= Hanmer Springs Ski Area =

Ski area in New Zealand

Hanmer Springs Ski Area, located on Mount Saint Patrick, South Island, New Zealand is a club skifield 17 km (about 35 minutes' drive) from the town of Hanmer Springs. It has New Zealand's longest Poma lift at over 800m, a nutcracker rope tow and a new beginners fixed grip rope tow, giving access to trails rated as 10% beginner, 60% intermediate and 30% advanced. Elevation is 1769m at the top of the field with 52ha of ski terrain (310m vertical elevation).

The 1000 metre long Poma lift was installed in 1981. It was purchased second-hand from Whakapapa Ski Field and installed by volunteers. All the holes for the towers were dug by hand.

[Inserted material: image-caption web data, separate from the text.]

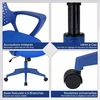 Costway Ergonomiška biuro kėdė 150kg mėlyna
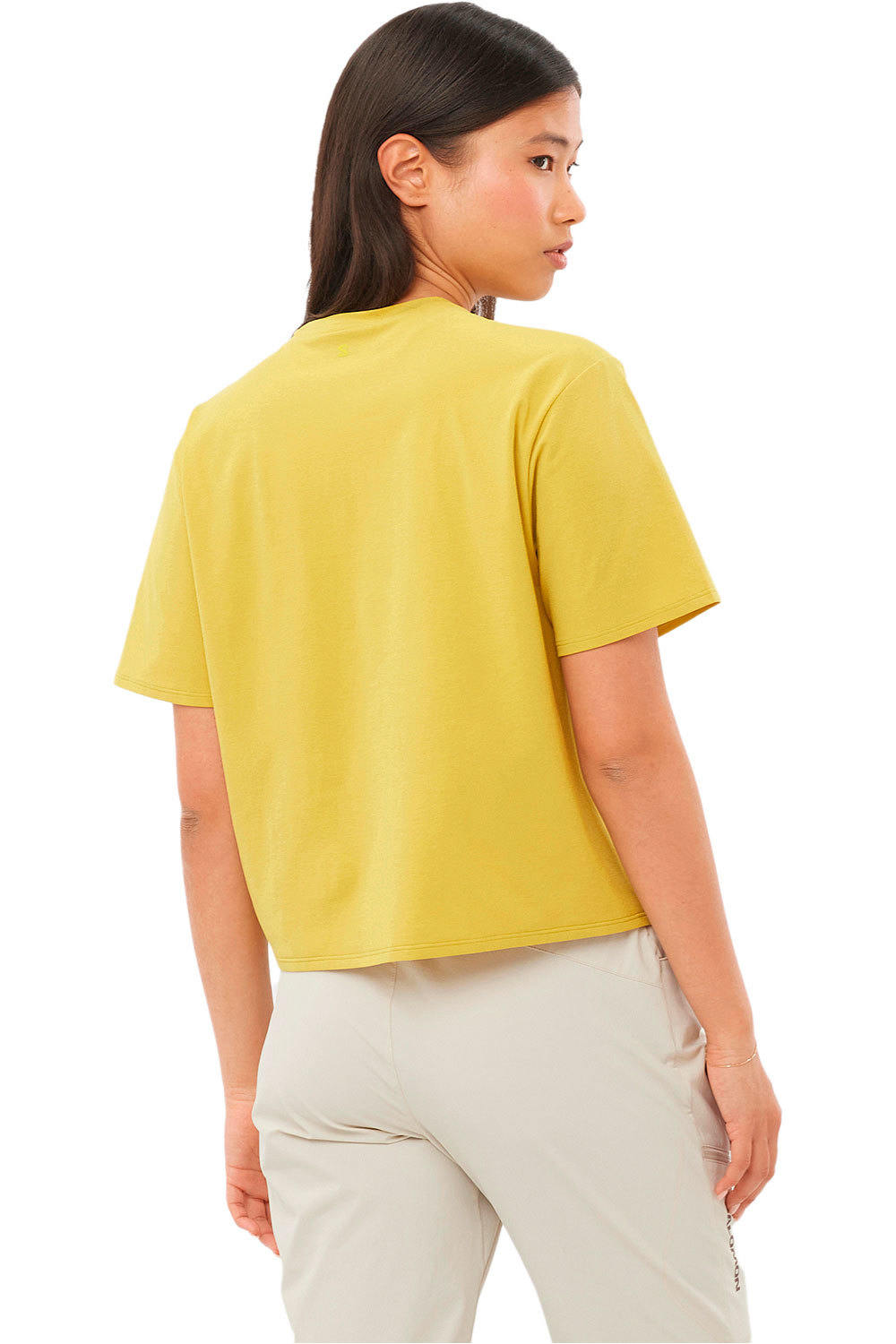 Salomon camiseta montaña manga corta mujer TRACKLINE SS TEE W vista trasera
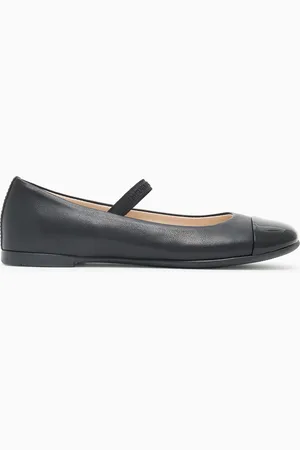 Emporio Armani Ballerines en cuir nappa avec bout en cuir verni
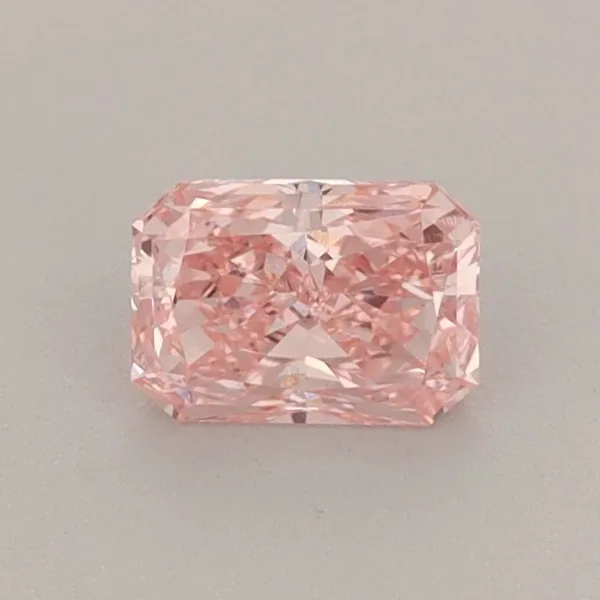 0.52ct RADIANT Fancy Vivid Pink VS1 Coloured Lab diamond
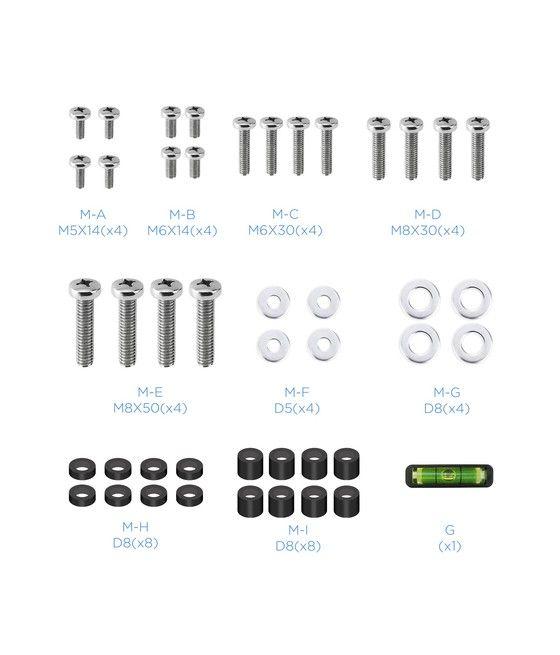 TooQ LP4391T-B soporte para TV 2,29 m (90") Negro - Imagen 6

The facilities are run by the Amuri Ski Club Inc, a volunteer non-profit sports club for locals and visitors, with all proceeds from receipts being put back into upgrading facilities each year. The ski field was established in 1957. A groomer is used throughout the season which usually runs from the end of June until about mid September each year.

The Hanmer Springs Ski Area was the first ski field to open in early June 2021 after a big snowfall brought snow to the field.

==Services==
Daily lessons are available and ski hire can be obtained from both the mountain and the village. A daily shuttle runs for those who are not confident on an alpine road, chains must be carried at all times and fitted when directed.